However, when testing on TestVariables, I got the StackOverflowError. Am I missing something here when extending DataAndControlFlowTagFactory? If possible, can you give some hints to solve the problem? Thank you.

java.lang.StackOverflowError
at edu.ntu.taint.BranchTaintRecorder.add(BranchTaintRecorder.java:17)
at java.lang.Integer.valueOf$$PHOSPHORTAGGED(Integer.java:830)
at java.lang.Integer.valueOf(Integer.java)
at edu.ntu.taint.BranchTaintRecorder.add(BranchTaintRecorder.java:20)
at java.lang.Integer.valueOf$$PHOSPHORTAGGED(Integer.java:830)
at java.lang.Integer.valueOf(Integer.java)
at edu.ntu.taint.BranchTaintRecorder.add(BranchTaintRecorder.java:20)
at java.lang.Integer.valueOf$$PHOSPHORTAGGED(Integer.java:830)
at java.lang.Integer.valueOf(Integer.java)
at edu.ntu.taint.BranchTaintRecorder.add(BranchTaintRecorder.java:20)
at java.lang.Integer.valueOf$$PHOSPHORTAGGED(Integer.java:830)
at java.lang.Integer.valueOf(Integer.java)
at edu.ntu.taint.BranchTaintRecorder.add(BranchTaintRecorder.java:20)
........

import edu.columbia.cs.psl.phosphor.runtime.Tainter;

public class TestVariables {

    public static void test(Pair p) {
        int tag1 = Tainter.getTaint(p);
        int tag2 = Tainter.getTaint(p.getH());
        int tag3 = Tainter.getTaint(p.getW());

        System.out.println((tag1 & 1) + " " + (tag1 & 2) + " " + (tag1 & 4));
        System.out.println((tag2 & 1) + " " + (tag2 & 2) + " " + (tag2 & 4));
        System.out.println((tag3 & 1) + " " + (tag3 & 2) + " " + (tag3 & 4));
    }

    public static void main(String[] args) {
        int x = Tainter.taintedInt(1, 1);
        int y = Tainter.taintedInt(1, 2);

        Pair p = new Pair(x, y);
        Tainter.taintedObject(p, 4);

        test(p);
    }

}

class Pair {

    private int h;
    private int w;

    public Pair(int h, int w) {
        this.h = h;
        this.w = w;
    }

    public int getH() {
        return h;
    }

    public void setH(int h) {
        this.h = h;
    }

    public int getW() {
        return w;
    }

    public void setW(int w) {
        this.w = w;
    }

}

from phosphor.

jon-bell commented on August 15, 2024

When you are doing any kind of instrumentation like this, it's vital that your runtime code (in this case, BranchTaintRecorder.add) does not call back into instrumented code, or else you'll see stack overflows like this. Remember that Phosphor is instrumenting the entire JRE API etc. - including java.lang.Integer (remember that in your code above the compiler changes setInt.add(int tag) to setInt.add(Integer.valueOf(int tag))), and HashSet.

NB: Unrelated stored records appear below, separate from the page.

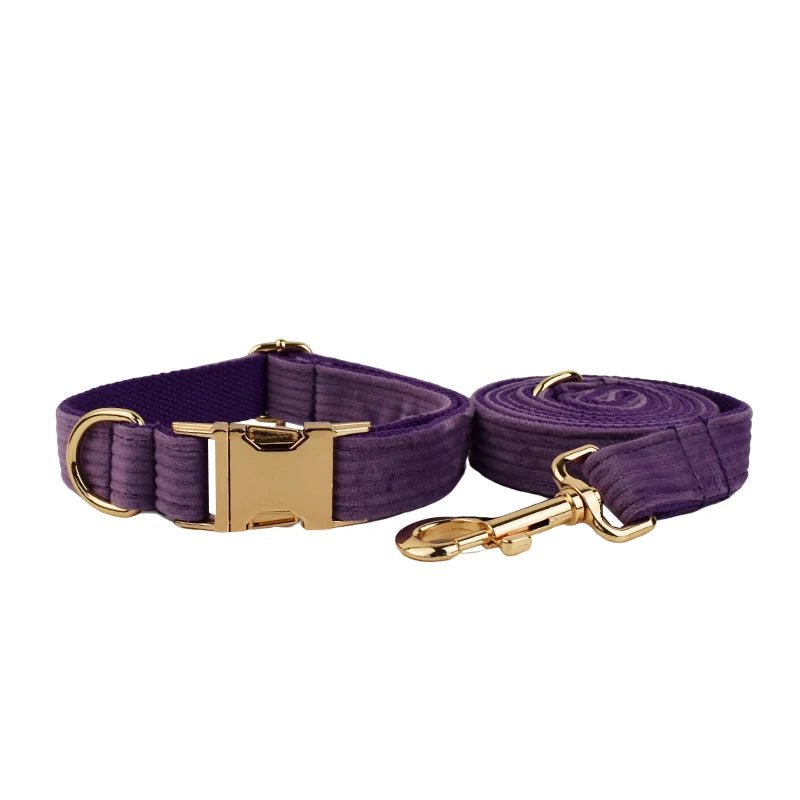 Petspuff Personalised Corduroy Dog Collar & Lead Set – Engraved Name Tag, Bow, Harness & Poop Bag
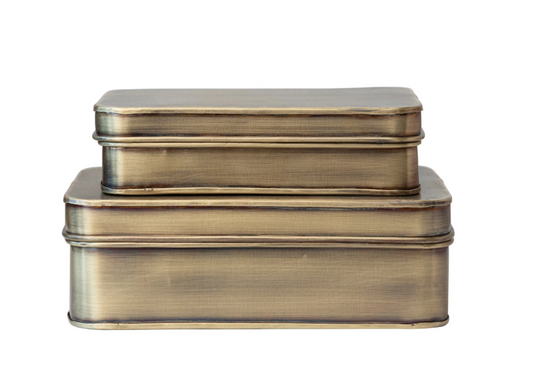 Decorative Metal Box, Antique Brass Finish, Large
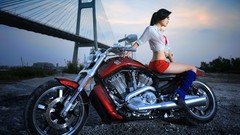 Clouds woman Bridges skies motorbikes girls with bikes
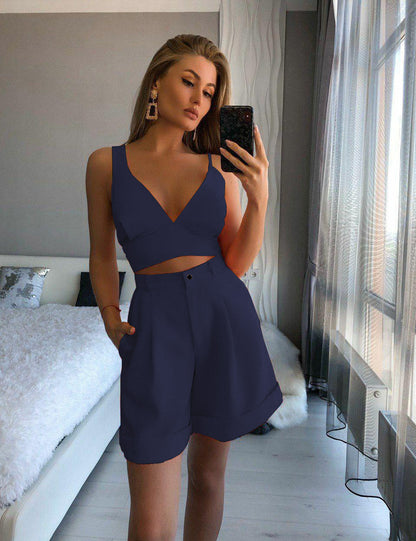 Damen Sportset Crop- und Shorts für Fitness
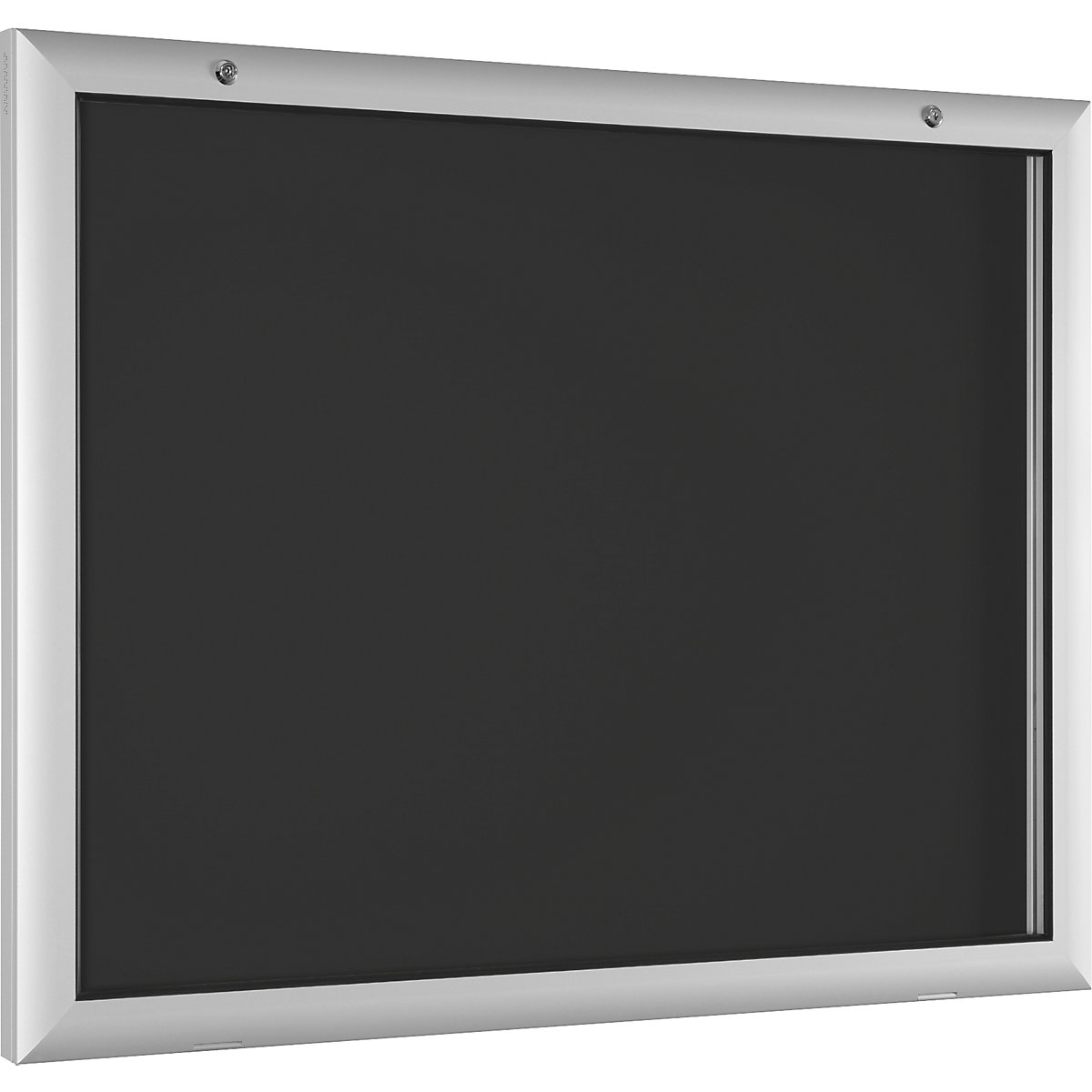 Bacheca per interni ed esterni, apertura anta a 180° verso il basso, per UNI A1, pannello posteriore grigio antracite RAL 7016-0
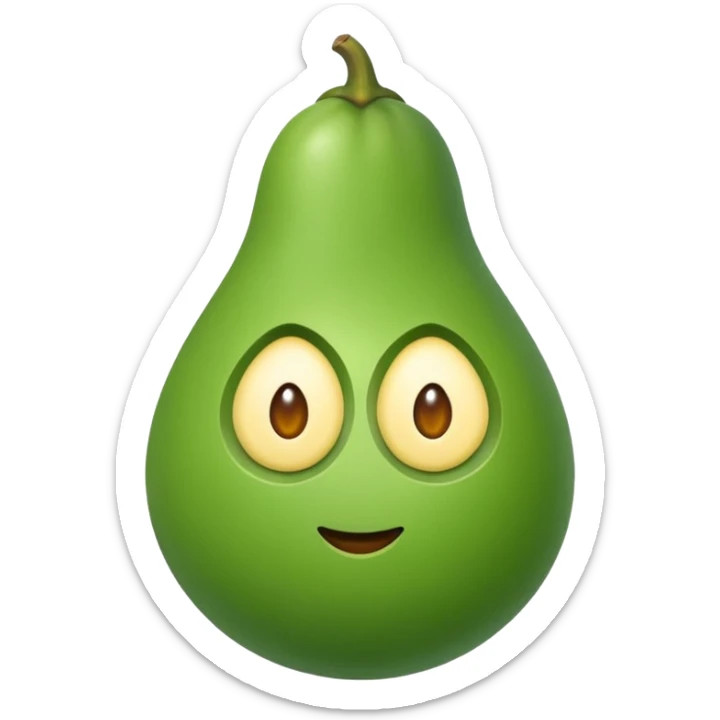 Eine grüne Birne in Herz Form auf der ein Stück Butter schmilzt mit Augen  sticker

Do you need it to be a hashset? Would a linked list suffice? If so, you can use edu.columbia.cs.psl.phosphor.struct.LinkedList<T> - and for storing the int tags, create your own wrapper class (i.e. a class that has just 1 primitive field, which stores the int as below)

class WrappedInt{
    public int v;
}

Or, if you really only care about the 31 distinct markers (and not what combination they were encountered in) then for this case, it's probably fastest and easiest just to use a single bit string to store which tags were encountered, like this:

private static int setInts;
public void add(int tag)
{
    setInts |= tag;
}

from phosphor.

chenbihuan commented on August 15, 2024

Thanks for your patience and help, Jon.

I use edu.columbia.cs.psl.phosphor.struct.LinkedList<T> and create a wrapper class for int. Now the stack overflow exception is gone. After running the following test, it seems that the originally-popped taint tags are not actually stored by BranchTaintRecorder.add. Do you have any clues? My extended taint analysis is attached (taint.zip) including the source code.

public class Test {

    public static void main(String[] args) {
        int x = Tainter.taintedInt(1, 1);

        if (x > 0) {
            int tag = Tainter.getTaint(x);
            assert((tag & 1) == 1);
        }

        assert(BranchTaintRecorder.getBranchTaint() == null);
    }

}

Meanwhile, now it needs much more time than just popping those tags. Is this normal?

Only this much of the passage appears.